TASK OBJECTIVE |
Could you write the entries out again, exactly as they appear?

◇ ◇ ◇ ◇ ◇ ◇ ◇

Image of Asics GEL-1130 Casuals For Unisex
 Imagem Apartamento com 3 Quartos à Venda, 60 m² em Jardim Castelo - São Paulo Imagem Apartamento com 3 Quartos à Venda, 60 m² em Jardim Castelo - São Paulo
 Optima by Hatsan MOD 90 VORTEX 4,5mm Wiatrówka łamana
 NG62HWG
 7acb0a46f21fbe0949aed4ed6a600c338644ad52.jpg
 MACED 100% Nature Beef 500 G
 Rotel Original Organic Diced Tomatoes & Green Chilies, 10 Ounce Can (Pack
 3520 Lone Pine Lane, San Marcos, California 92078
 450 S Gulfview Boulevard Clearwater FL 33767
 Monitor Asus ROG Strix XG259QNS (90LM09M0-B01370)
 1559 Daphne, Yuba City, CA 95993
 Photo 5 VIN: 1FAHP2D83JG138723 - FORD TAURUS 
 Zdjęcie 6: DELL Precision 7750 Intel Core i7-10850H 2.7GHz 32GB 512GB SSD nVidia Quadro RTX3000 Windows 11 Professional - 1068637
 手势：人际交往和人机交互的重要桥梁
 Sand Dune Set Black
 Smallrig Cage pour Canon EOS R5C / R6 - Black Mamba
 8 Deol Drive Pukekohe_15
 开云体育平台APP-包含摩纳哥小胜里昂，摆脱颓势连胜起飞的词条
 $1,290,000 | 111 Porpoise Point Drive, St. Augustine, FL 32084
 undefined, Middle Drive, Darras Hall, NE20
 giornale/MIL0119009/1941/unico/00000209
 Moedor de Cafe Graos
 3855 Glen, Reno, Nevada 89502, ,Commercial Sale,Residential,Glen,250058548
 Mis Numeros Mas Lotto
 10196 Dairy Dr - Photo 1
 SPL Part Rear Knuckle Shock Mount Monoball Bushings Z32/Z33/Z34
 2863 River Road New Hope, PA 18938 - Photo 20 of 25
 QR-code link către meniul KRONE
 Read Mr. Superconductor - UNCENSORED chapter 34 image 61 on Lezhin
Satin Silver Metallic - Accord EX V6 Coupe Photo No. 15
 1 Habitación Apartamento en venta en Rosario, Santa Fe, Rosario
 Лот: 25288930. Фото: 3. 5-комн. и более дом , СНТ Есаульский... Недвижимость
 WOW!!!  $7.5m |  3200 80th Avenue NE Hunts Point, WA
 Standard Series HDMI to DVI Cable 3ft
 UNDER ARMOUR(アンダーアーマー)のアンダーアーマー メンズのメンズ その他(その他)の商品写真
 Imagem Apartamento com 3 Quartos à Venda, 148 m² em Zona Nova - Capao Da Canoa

◇ ◇ ◇ ◇ ◇ ◇ ◇

YOUR SOLUTION |
Image of Asics GEL-1130 Casuals For Unisex
 Imagem Apartamento com 3 Quartos à Venda, 60 m² em Jardim Castelo - São Paulo Imagem Apartamento com 3 Quartos à Venda, 60 m² em Jardim Castelo - São Paulo
 Optima by Hatsan MOD 90 VORTEX 4,5mm Wiatrówka łamana
 NG62HWG
 7acb0a46f21fbe0949aed4ed6a600c338644ad52.jpg
 MACED 100% Nature Beef 500 G
 Rotel Original Organic Diced Tomatoes & Green Chilies, 10 Ounce Can (Pack
 3520 Lone Pine Lane, San Marcos, California 92078
 450 S Gulfview Boulevard Clearwater FL 33767
 Monitor Asus ROG Strix XG259QNS (90LM09M0-B01370)
 1559 Daphne, Yuba City, CA 95993
 Photo 5 VIN: 1FAHP2D83JG138723 - FORD TAURUS 
 Zdjęcie 6: DELL Precision 7750 Intel Core i7-10850H 2.7GHz 32GB 512GB SSD nVidia Quadro RTX3000 Windows 11 Professional - 1068637
 手势：人际交往和人机交互的重要桥梁
 Sand Dune Set Black
 Smallrig Cage pour Canon EOS R5C / R6 - Black Mamba
 8 Deol Drive Pukekohe_15
 开云体育平台APP-包含摩纳哥小胜里昂，摆脱颓势连胜起飞的词条
 $1,290,000 | 111 Porpoise Point Drive, St. Augustine, FL 32084
 undefined, Middle Drive, Darras Hall, NE20
 giornale/MIL0119009/1941/unico/00000209
 Moedor de Cafe Graos
 3855 Glen, Reno, Nevada 89502, ,Commercial Sale,Residential,Glen,250058548
 Mis Numeros Mas Lotto
 10196 Dairy Dr - Photo 1
 SPL Part Rear Knuckle Shock Mount Monoball Bushings Z32/Z33/Z34
 2863 River Road New Hope, PA 18938 - Photo 20 of 25
 QR-code link către meniul KRONE
 Read Mr. Superconductor - UNCENSORED chapter 34 image 61 on Lezhin
Satin Silver Metallic - Accord EX V6 Coupe Photo No. 15
 1 Habitación Apartamento en venta en Rosario, Santa Fe, Rosario
 Лот: 25288930. Фото: 3. 5-комн. и более дом , СНТ Есаульский... Недвижимость
 WOW!!!  $7.5m |  3200 80th Avenue NE Hunts Point, WA
 Standard Series HDMI to DVI Cable 3ft
 UNDER ARMOUR(アンダーアーマー)のアンダーアーマー メンズのメンズ その他(その他)の商品写真
 Imagem Apartamento com 3 Quartos à Venda, 148 m² em Zona Nova - Capao Da Canoa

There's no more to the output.